En Celo - Crítica por La lectora provisoria

(En La Lectora Provisoria)

Sobre En celo, antología de cuentos argentinos
por Quintín

En julio de 2005 la editorial Norma publicó La joven guardia, una antología de veinte cuentos compilada por Maximiliano Tomas. La iniciativa habrá sido seguramente un éxito, porque dos años más tarde aparecen simultáneamente otras tres antologías de escritores jóvenes. Hay una de crónicas, compilada también por Tomas para Planeta, una sobre barrios preparada por Juan Terranova (uno de los escritores de La joven guardia) para Entropía y otra para el sello Reservoir Books de Sudamericana, bajo la responsabilidad de Diego Grillo Trubba, otro de los muchachos de Tomas. Esta última se llama En celo y contiene diecinueve relatos cuyo tema común es el sexo, lo que se anticipa en la tapa, que incluye una ilustración con dos cerdos apareándose y la leyenda: “los mejores narradores de la nueva generación escriben sobre sexo.”

En la antología de Tomas (de la que publiqué una larga reseña en Los Trabajos Prácticos), el criterio de inclusión era que los escritores fueran menores de treinta y cinco y que hubieran publicado previamente un libro. Aquí los parámetros son más vagos y el prólogo de Trubba da por sentado que la nueva generación es un hecho definitivo (“estas son las nuevas voces autorales de nuestro país. Una nueva generación de escritores argentinos. La generación post”) y que la base es la joven guardia. De los diecinueve escritores elegidos, diez habían participado en el libro anterior (once contando al propio Tomas).

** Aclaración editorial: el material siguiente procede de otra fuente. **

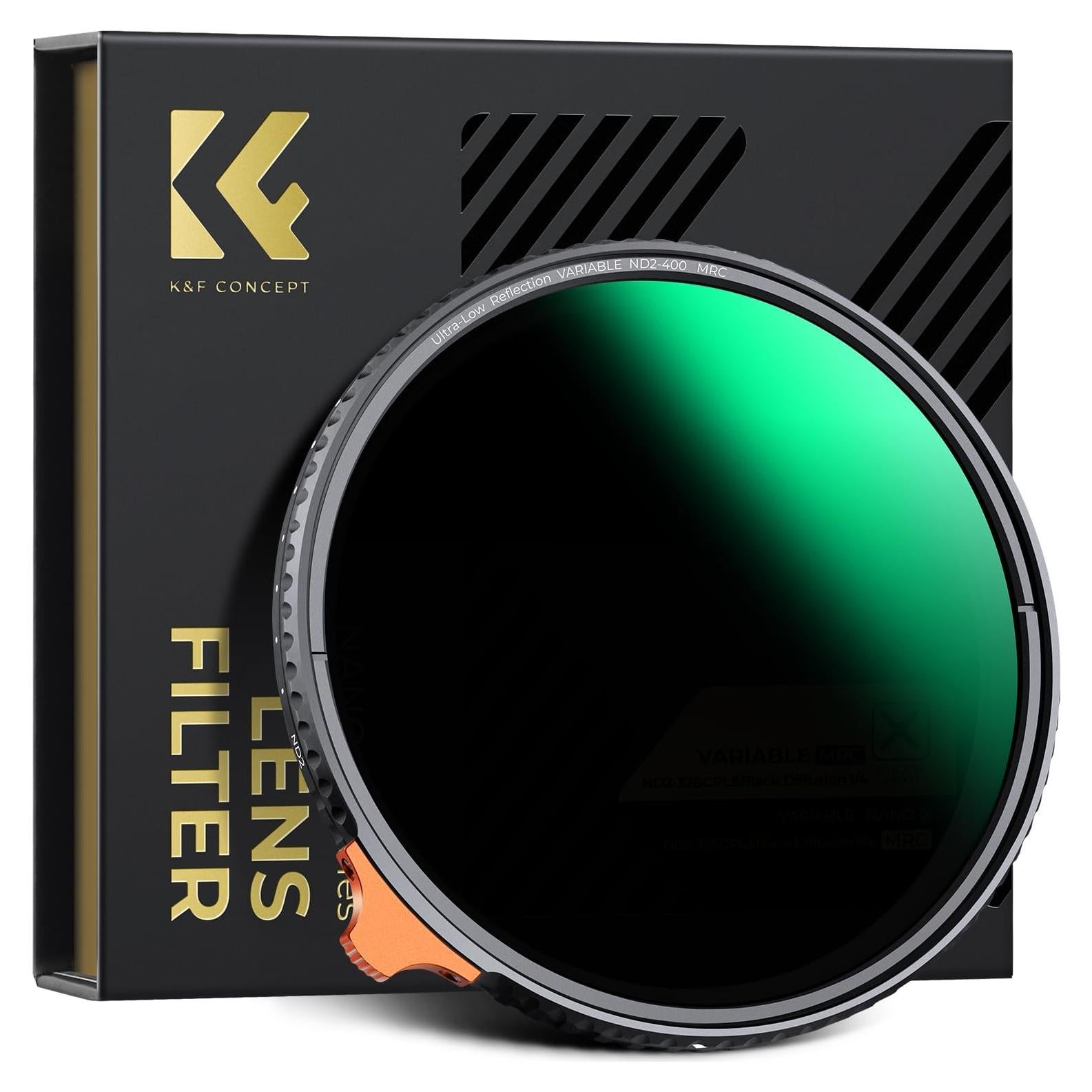 K&F CONCEPT 49mm Ultra-Low Reflectivity Putter Variable ND Filter ND2-ND400 (1-9 Stops) 28 Multi-Layer Coatings AGC Glass Adjustable Neutral Density Camera Lens Filter (Nano-X Series)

Una seguridad tan rotunda fue cuestionada en la propia presentación del libro por Esteban Schmidt, que ese día leyó un texto en el que impugnaba la conveniencia del enfoque generacional y hasta el sentido de este agrupamiento concreto (“por lo tanto el activismo de los escritores jóvenes nos irrita porque estarían planeando nada más que la promoción de sus vidas”). Como nunca fui a una presentación literaria, no sé si es de estilo que estas cosas ocurran, pero las palabras de Schmidt provocaron una respuesta en tres partes de Grillo Trubba en su blog. Si el texto de Schmidt es provocador, incisivo y por momentos brillante, el de Trubba es irritado y farragoso. La discusión parte de premisas antagónicas. Trubba apuesta en el prólogo a una visión reconciliada de la literatura:
Si existen rencillas parecieran deberse más a los tamaños de ciertos egos que a diferencias ideológicas, éticas y/o estéticas.

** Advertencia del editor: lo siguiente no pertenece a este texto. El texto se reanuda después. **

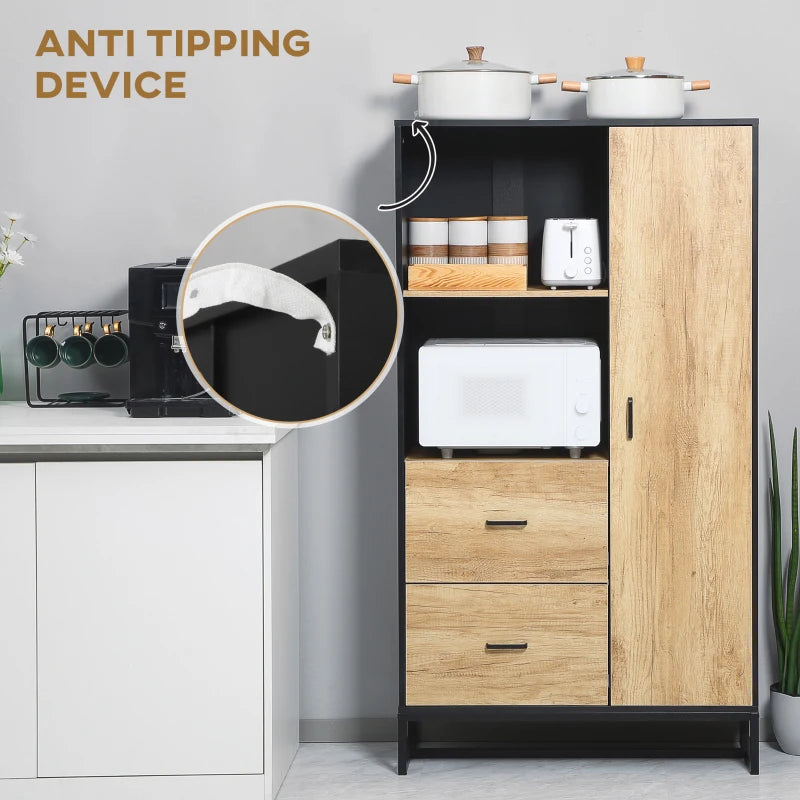 Tall Kitchen Cupboard - Freestanding Pantry Cabinet with Adjustable Shelves, Drawers & Soft Close Door - 160cm Storage Solution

Y frente a esta proclamación de homogeneidad, Schmidt reclama:
… es obediencia ciega a las reglas de funcionamiento general. La rebeldía, esa marca de la juventud, tendrá que esperar tal vez a otra generación. Gente que se enoje más y que se someta menos. Y que sonría menos.

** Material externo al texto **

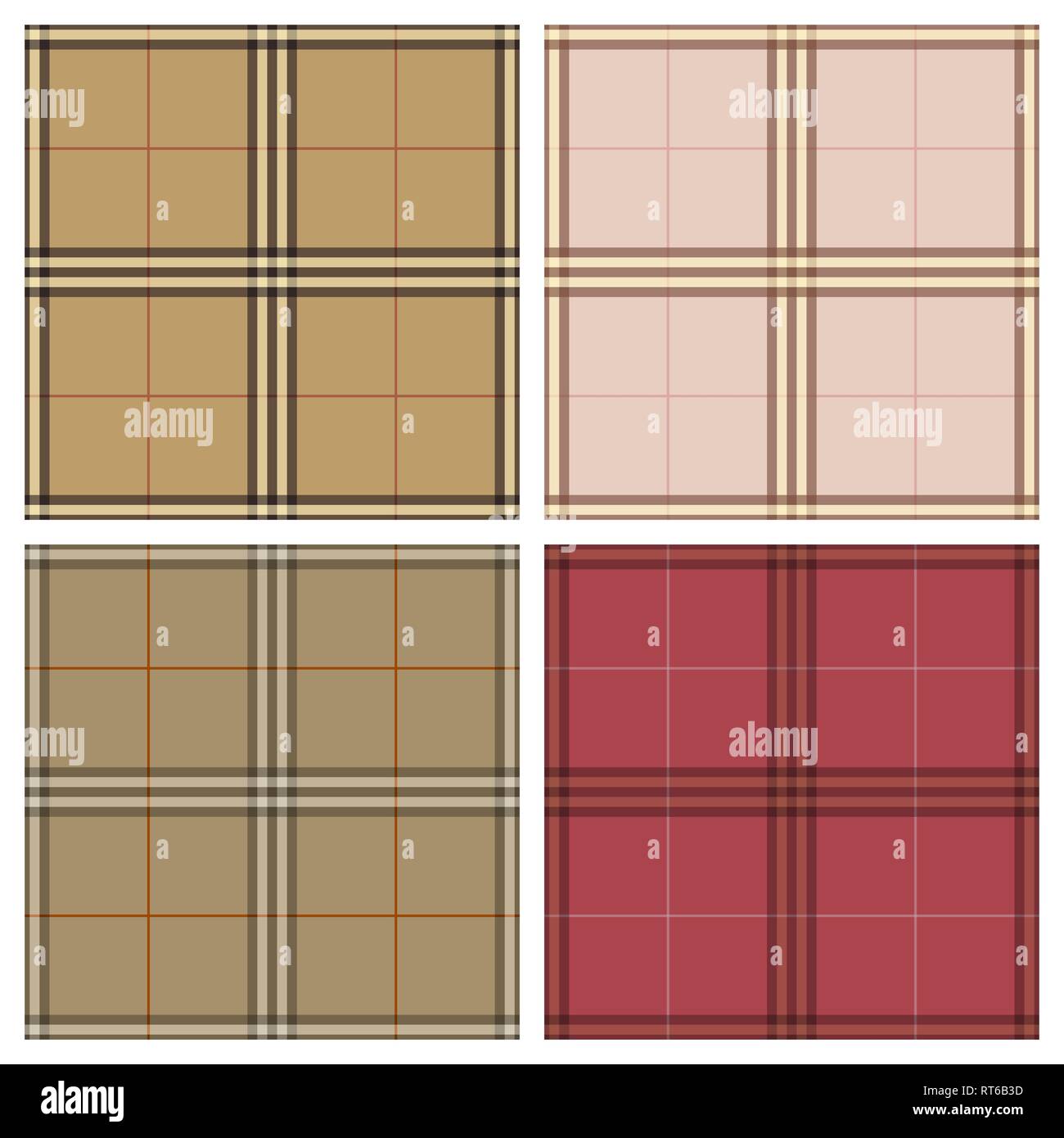 Vettore texture seamless set. Tartan plaid. EPS10 Illustrazione Vettoriale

De todos modos, Schmidt no habla de los cuentos. Los despacha, en cambio, con una frase de circunstancias no exenta de ironía:
Son buenísimos y los que no son buenísimos tienen muchísima onda.
Después de todo, era la presentación de un libro y una cosa es criticar al antólogo y otra a los antologados.
Pero, en el fondo, más allá de los nada novedosos intentos de construir una capilla o un grupo de choque literario y de las estrategias comunicacionales empleadas, tal vez sea interesante decir algo de los cuentos y sus autores. Es lo que me propongo a continuación.
Hay un problema con En celo y es que parte de un tema, lo que recuerda un poco a las composiciones escolares. Los relatos tienden a parecerse al ejercicio de un alumno aplicado que informa de un encuentro sexual con alguna dosis de ingenio, de estilo o de sorpresa, con un lenguaje apenas funcional a la tarea y con un mínimo de compromiso con la escritura. Algunos cuentos parecen trámites, hojas de una carpeta apiladas durante un proceso de aprendizaje. Y esa es la sensación más fuerte que deja En celo: la de su futilidad como obra colectiva. No hay en el libro una masa crítica de capítulos superlativos que además de justificarse de por sí, ilumine también los riesgos o los méritos de los menos notables. Justamente, es la idea generacional la que queda impugnada por el propio libro (algo que, con sus altibajos, no ocurría con La joven guardia que, al menos, ponía de manifiesto una saludable diversidad), ya que la propia acumulación y cierta monotonía resultante no hace nada por potenciar al conjunto.
Eso no implica que no haya cuentos muy buenos o interesantes ni escritores que no revelen que merecen ser seguidos en el futuro. De todos modos, la liviandad casi general hace más fácil reconocer la escritura de los veteranos (los que uno ya conoce) que descubrir las virtudes de los más nuevos.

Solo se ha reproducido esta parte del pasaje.